Roughly speaking: The amount of computation or energy needed to perfectly reproduce a random source, such as a coin flip, is high, while the significance or meaning, for the average receiver, is low. Natural language text requires less computation to reproduce [1], but, for the average receiver, the significance is higher.
Hmm, but you could compress text to an equally random sequence. I.e. all minimal programs are by definition Kolmogorov random.
Also, what about crystalline forms, which are very orderly and require minimal computation to reproduce, but are equally insignificant for the average receiver?
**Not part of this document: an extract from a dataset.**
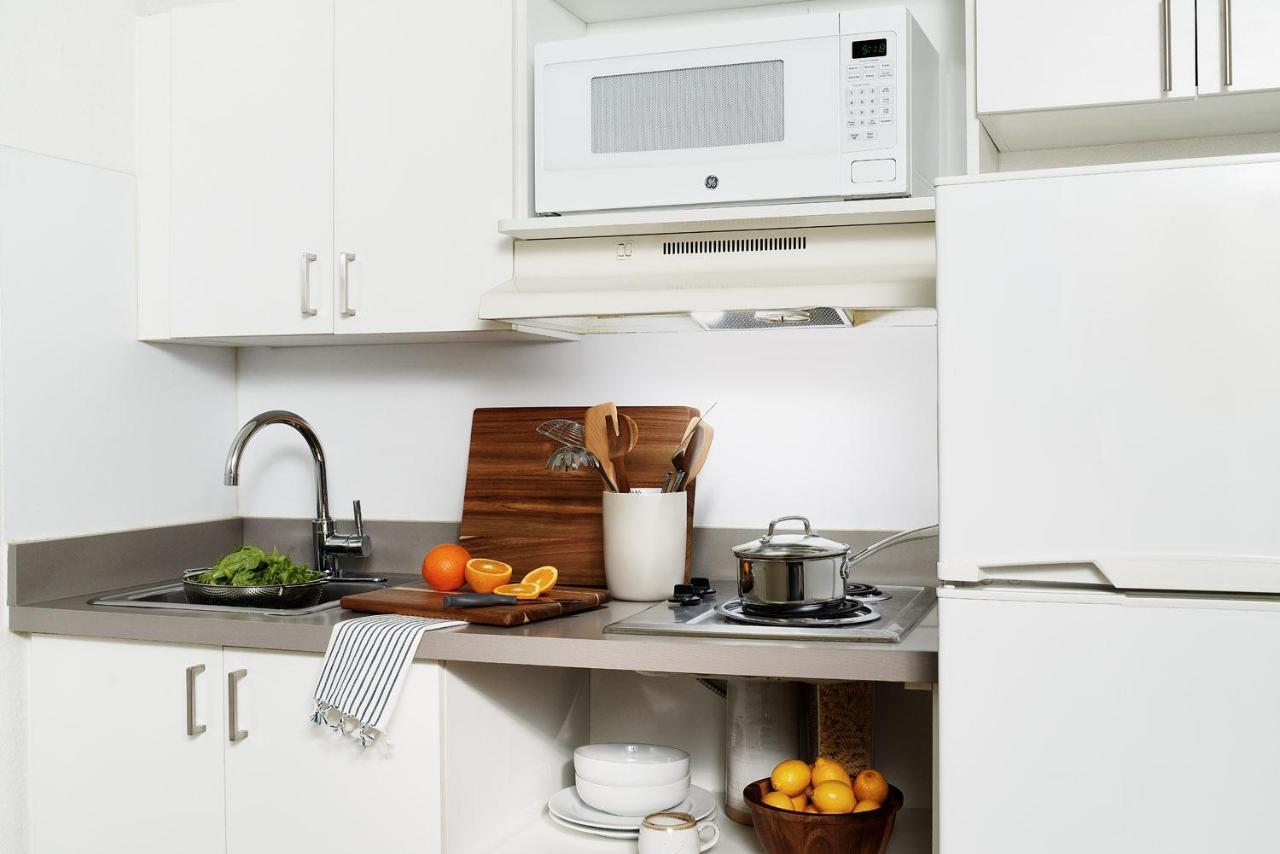 Intown Suites Extended Stay Houston Tx - Hobby Airport Екстериор снимка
> you could compress text to an equally random sequence
More or less correct. The key difference is that you could not compress a random coin flip sequence (and that a compressed text is meaningless until decompressed to original).
> all minimal programs are by definition Kolmogorov random
Compression provides an upper bound to K. Kolmogorov Randomness itself is not computable. AKA: You can't ever know if you have a minimal program.
The best approach that I've seen is a combination of Shannon information and Kolmogorov complexity. If an object has high Shannon information, then it is not crystalline. If it also has low Kolmogorov complexity then it is not random. This seems to characterize the sweet spot where meaningful information occurs. Kolmogorov called this quantity "randomness deficiency".
Rather than see the coin flip as a useless toss, one might imagine it as a binary decision. This or that?
With this in mind, you can see text as the output of an algorithm (brain) taking many such decisions. The information entropy contained in this text reveals the complexity (amount of distinct binary decisions) which needed to take place in the machine (brain) in order for the text to occur.